Re: [PATCH v8 1/8] mm/memfd: Introduce userspace inaccessible memfd

Chao Peng <chao.p.peng@xxxxxxxxxxxxxxx> · Thu, 13 Oct 2022 21:34:57 +0800

On Fri, Sep 30, 2022 at 05:19:00PM +0100, Fuad Tabba wrote:
> Hi,
> 
> On Tue, Sep 27, 2022 at 11:47 PM Sean Christopherson <seanjc@xxxxxxxxxx> wrote:
> >
> > On Mon, Sep 26, 2022, Fuad Tabba wrote:
> > > Hi,
> > >
> > > On Mon, Sep 26, 2022 at 3:28 PM Chao Peng <chao.p.peng@xxxxxxxxxxxxxxx> wrote:
> > > >
> > > > On Fri, Sep 23, 2022 at 04:19:46PM +0100, Fuad Tabba wrote:
> > > > > > Then on the KVM side, its mmap_start() + mmap_end() sequence would:
> > > > > >
> > > > > >   1. Not be supported for TDX or SEV-SNP because they don't allow adding non-zero
> > > > > >      memory into the guest (after pre-boot phase).
> > > > > >
> > > > > >   2. Be mutually exclusive with shared<=>private conversions, and is allowed if
> > > > > >      and only if the entire gfn range of the associated memslot is shared.
> > > > >
> > > > > In general I think that this would work with pKVM. However, limiting
> > > > > private<->shared conversions to the granularity of a whole memslot
> > > > > might be difficult to handle in pKVM, since the guest doesn't have the
> > > > > concept of memslots.
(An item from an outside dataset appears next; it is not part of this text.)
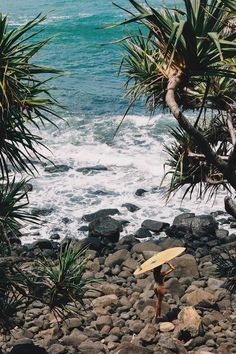 a person holding a surfboard on top of a rocky beach next to the ocean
For example, in pKVM right now, when a guest
> > > > > shares back its restricted DMA pool with the host it does so at the
> > > > > page-level.
> >
> > Y'all are killing me :-)
> 
>  :D
> 
> > Isn't the guest enlightened?  E.g. can't you tell the guest "thou shalt share at
> > granularity X"?  With KVM's newfangled scalable memslots and per-vCPU MRU slot,
> > X doesn't even have to be that high to get reasonable performance, e.g. assuming
> > the DMA pool is at most 2GiB, that's "only" 1024 memslots, which is supposed to
> > work just fine in KVM.
> 
> The guest is potentially enlightened, but the host doesn't necessarily
> know which memslot the guest might want to share back, since it
> doesn't know where the guest might want to place the DMA pool. If I
> understand this correctly, for this to work, all memslots would need
> to be the same size and sharing would always need to happen at that
> granularity.
> 
> Moreover, for something like a small DMA pool this might scale, but
> I'm not sure about potential future workloads (e.g., multimedia
> in-place sharing).
> 
> >
> > > > > pKVM would also need a way to make an fd accessible again
> > > > > when shared back, which I think isn't possible with this patch.
> > > >
> > > > But does pKVM really want to mmap/munmap a new region at the page-level,
> > > > that can cause VMA fragmentation if the conversion is frequent as I see.
> > > > Even with a KVM ioctl for mapping as mentioned below, I think there will
> > > > be the same issue.
> > >
> > > pKVM doesn't really need to unmap the memory. What is really important
> > > is that the memory is not GUP'able.
> >
> > Well, not entirely unguppable, just unguppable without a magic FOLL_* flag,
> > otherwise KVM wouldn't be able to get the PFN to map into guest memory.
> >
> > The problem is that gup() and "mapped" are tied together.  So yes, pKVM doesn't
> > strictly need to unmap memory _in the untrusted host_, but since mapped==guppable,
> > the end result is the same.
> >
> > Emphasis above because pKVM still needs unmap the memory _somehwere_.  IIUC, the
> > current approach is to do that only in the stage-2 page tables, i.e. only in the
> > context of the hypervisor.  Which is also the source of the gup() problems; the
> > untrusted kernel is blissfully unaware that the memory is inaccessible.
> >
> > Any approach that moves some of that information into the untrusted kernel so that
> > the kernel can protect itself will incur fragmentation in the VMAs.  Well, unless
> > all of guest memory becomes unguppable, but that's likely not a viable option.
> 
> Actually, for pKVM, there is no need for the guest memory to be
> GUP'able at all if we use the new inaccessible_get_pfn().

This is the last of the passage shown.